The Blythe Intaglios or Blythe Geoglyphs are a group of gigantic figures found on the ground near Blythe, California. The intaglios are found about 15 miles (24 km) north of downtown Blythe, just west of U.S. Highway 95. The largest human figure is 171 feet (52 m) long. The intaglios are best viewed from the air.
The figures are so immense that they were not observed by non-Indians until the 1930s. The set of geoglyphs includes several dozen figures and a labrynth, thought to be ceremonial in nature. They are believed to date from 1000 AD but could range from 450 to 10,000 years old. Although most think they were created by Mojave and Quechan Indians, their true origin is unknown.

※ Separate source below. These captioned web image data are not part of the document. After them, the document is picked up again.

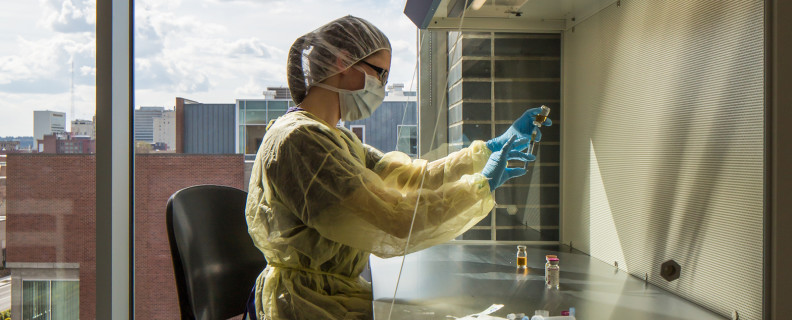 Researcher working under hood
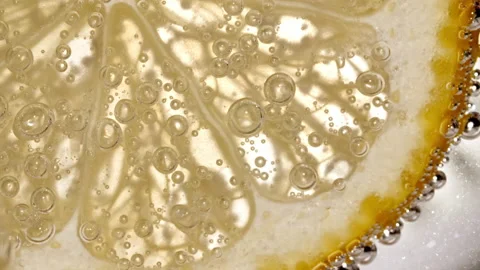 Water with Lemon Slices and exploding soda, air bubbles. Refreshing soft drink Stock Footage 201592782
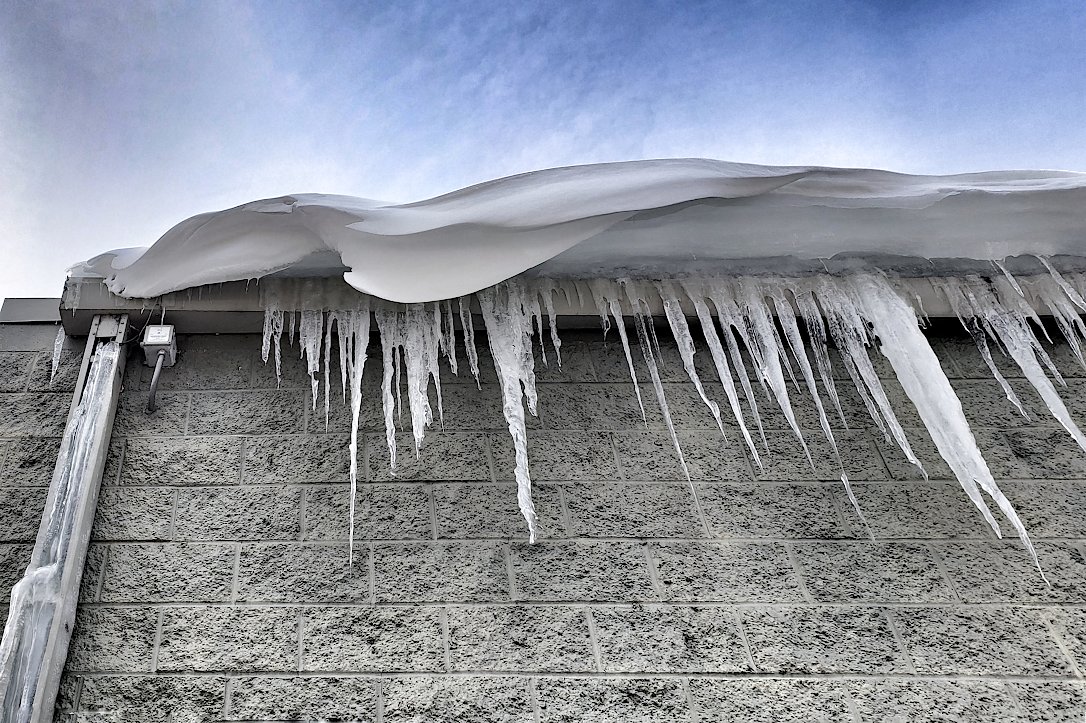 A curvy snowdrift and icicles hang over the edge of the roof, along a grey brick wall.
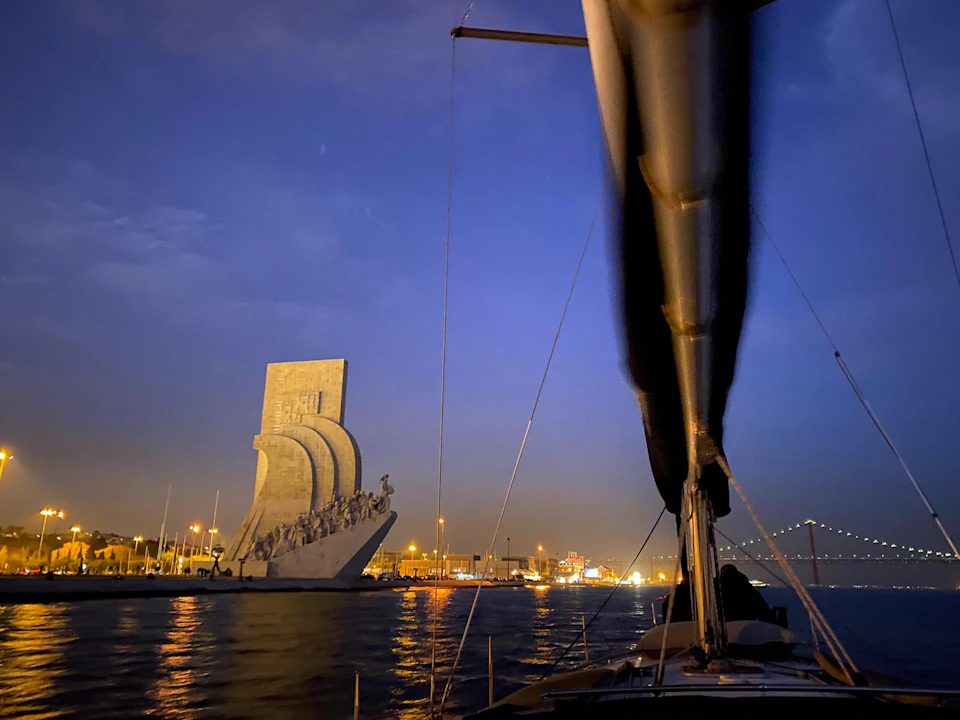 A sailboat on water at dusk with a large monument of figures on a curved structure in the background, illuminated by city lights.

Many believe, due to their similarities of the Nazca Lines in Peru, that they are extraterrestrial in origin.
The (re)discovery of the Blythe Intaglios: In 1932, a pilot flying between Las Vegas and Blythe noticed the Blythe geoglyphs as they are only truly visible by air.
The labyrinth, known as The Topock Maze, covers 18 acres (73,000 m2) and consists of a series of parallel windrows (a row of trimmed crops) about five feet apart. A late 19th century unpublished ethnographic report states that the Mojave people used to put some of their men into the center of the maze, leaving them to find their way out without crossing the windrows.
Edward Curtis wrote in 1908 that, “It is believed that by running in and out through one of these immense labyrinths, one haunted with a dread [ghost] may bewilder the spirit occasioning it, and thus elude them.” In other words, a way to ditch a ghost.